The Day I Broke Mr. Winter’s Rule

The Day I Broke Mr. Winter’s Rule

I was talking to a friend recently. She’s an experienced probation officer in a juvenile court working with delinquent teens on probation.

“Why don’t these kids listen to me when I tell them that if they fail to follow the probation rules there will be unpleasant consequences?” she asked.

“I take many these kids back to court for violation of probation hearings,” she said. “Sometimes their probation is extended and sometimes they get locked up in the detention center. Even though, I carefully go over the probation rules with them, the funny thing is that many of these teenagers tell me they didn’t believe it could happen to them.”

As I tried to answer my friend’s question, I remembered something that happened to me in the fourth grade. Mr. Winters was my fourth grade teacher and one of his rules was that you walked quietly down the wooden steps that led from the playground into our lower-level classroom.

I was well aware of this rule because I saw some of my classmates get punished for breaking this rule. I figured the rule applied to other children, but not to me. After all, I was a good student. I got good grades.  I helped Mr. Winters by taking messages down to the office and doing other chores for him.

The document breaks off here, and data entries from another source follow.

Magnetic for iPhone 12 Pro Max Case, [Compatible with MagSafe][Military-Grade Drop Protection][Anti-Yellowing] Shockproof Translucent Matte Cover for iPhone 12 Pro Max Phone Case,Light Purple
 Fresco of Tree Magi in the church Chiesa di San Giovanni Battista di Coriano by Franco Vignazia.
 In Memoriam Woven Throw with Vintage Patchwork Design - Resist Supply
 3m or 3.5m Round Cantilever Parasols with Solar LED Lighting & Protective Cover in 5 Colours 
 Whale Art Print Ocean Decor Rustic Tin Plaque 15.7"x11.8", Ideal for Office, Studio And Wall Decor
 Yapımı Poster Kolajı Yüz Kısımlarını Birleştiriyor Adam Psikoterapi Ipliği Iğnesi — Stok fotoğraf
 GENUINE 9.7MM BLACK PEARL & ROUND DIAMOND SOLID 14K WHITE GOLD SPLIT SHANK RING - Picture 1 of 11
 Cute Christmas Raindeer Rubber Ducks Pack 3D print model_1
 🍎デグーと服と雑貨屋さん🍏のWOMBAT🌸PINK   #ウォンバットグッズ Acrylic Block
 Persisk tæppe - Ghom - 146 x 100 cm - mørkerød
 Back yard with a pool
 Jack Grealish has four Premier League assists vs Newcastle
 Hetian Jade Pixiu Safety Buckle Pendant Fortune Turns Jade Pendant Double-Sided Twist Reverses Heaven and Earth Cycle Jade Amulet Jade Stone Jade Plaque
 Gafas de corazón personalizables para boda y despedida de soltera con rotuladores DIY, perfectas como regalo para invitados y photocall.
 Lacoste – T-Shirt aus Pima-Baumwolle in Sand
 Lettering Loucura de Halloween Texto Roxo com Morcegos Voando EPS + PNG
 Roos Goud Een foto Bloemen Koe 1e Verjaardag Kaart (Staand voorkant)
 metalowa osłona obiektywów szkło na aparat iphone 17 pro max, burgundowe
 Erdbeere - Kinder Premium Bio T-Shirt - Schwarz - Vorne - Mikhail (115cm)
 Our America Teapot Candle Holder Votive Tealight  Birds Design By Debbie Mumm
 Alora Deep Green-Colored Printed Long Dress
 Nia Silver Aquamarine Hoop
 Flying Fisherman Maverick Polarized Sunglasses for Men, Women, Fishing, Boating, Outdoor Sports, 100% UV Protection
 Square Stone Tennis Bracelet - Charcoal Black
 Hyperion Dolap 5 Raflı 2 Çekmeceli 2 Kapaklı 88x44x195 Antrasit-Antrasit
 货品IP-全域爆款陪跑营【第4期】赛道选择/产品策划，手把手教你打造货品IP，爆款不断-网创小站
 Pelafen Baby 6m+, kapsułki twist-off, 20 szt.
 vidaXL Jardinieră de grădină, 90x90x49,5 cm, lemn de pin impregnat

So, one day I stomped down the wooden steps making a great racket. Mr. Winters was waiting for me at the bottom of the steps.

“You’ll be staying in class for the rest of the week doing extra homework instead of going out for recess,” Mr. Winters announced to me.

“But that’s not fair,” I protested. “I was just playing around.”

“You broke my rule,” he said simply, but firmly. I knew there was no point in arguing further.

I found out that day that Mr. Winters’ rules applied to everyone – even me. I also learned he didn’t play favorites. It didn’t matter that I helped him clean the blackboards earlier that day or that he liked me. If you broke one of Mr. Winters’ rules, there would be consequences.

I never forgot the lesson I learned that day. And I never had to test out one of Mr. Winters’ rules ever again.

Maybe that’s the problem for many adolescents that my friend works with in the juvenile court. Perhaps these kids never had a Mr. Winters in their life. Nor did they have parents who set rules with consistent consequences. I have no doubt that for many of the teens who wind up on probation live in homes in which the rules and the consequences shift from day to day, depending on their parents’ whims or moods.

I’ve come across many parents over the course of my career who do not want their kids to be mad at them. Or they can’t tolerate the temporary anger – sometimes even the momentary hatred – that results when children are given a consequence when they break a rule or violate an established limit. Some of these parents who end up being permissive just want to be popular with their kids and often feel guilty when they hold their children accountable.

Fortunately, Mr. Winters wasn’t trying to win a popularity contest. He didn’t care that day whether I was emotionally hurt or that I might not like him for the rest of that day. He had the wisdom to know that teaching a lesson about rules and consequences was far more important than worrying about whether a student liked him.

Which is why my friend, the probation officer, has to be the person in a lot of teenager’s lives who finally says, “You broke the rules, now you have to pay the consequences.” If no one else is going to enforce rules and limits, she must.

It’s too bad more children don’t have a Mr. Winters in their life when they are young. If they had a Mr. Winters, then they would learn valuable lessons long before they became adolescents and before they were forced to learn one of life’s important lessons the hard way.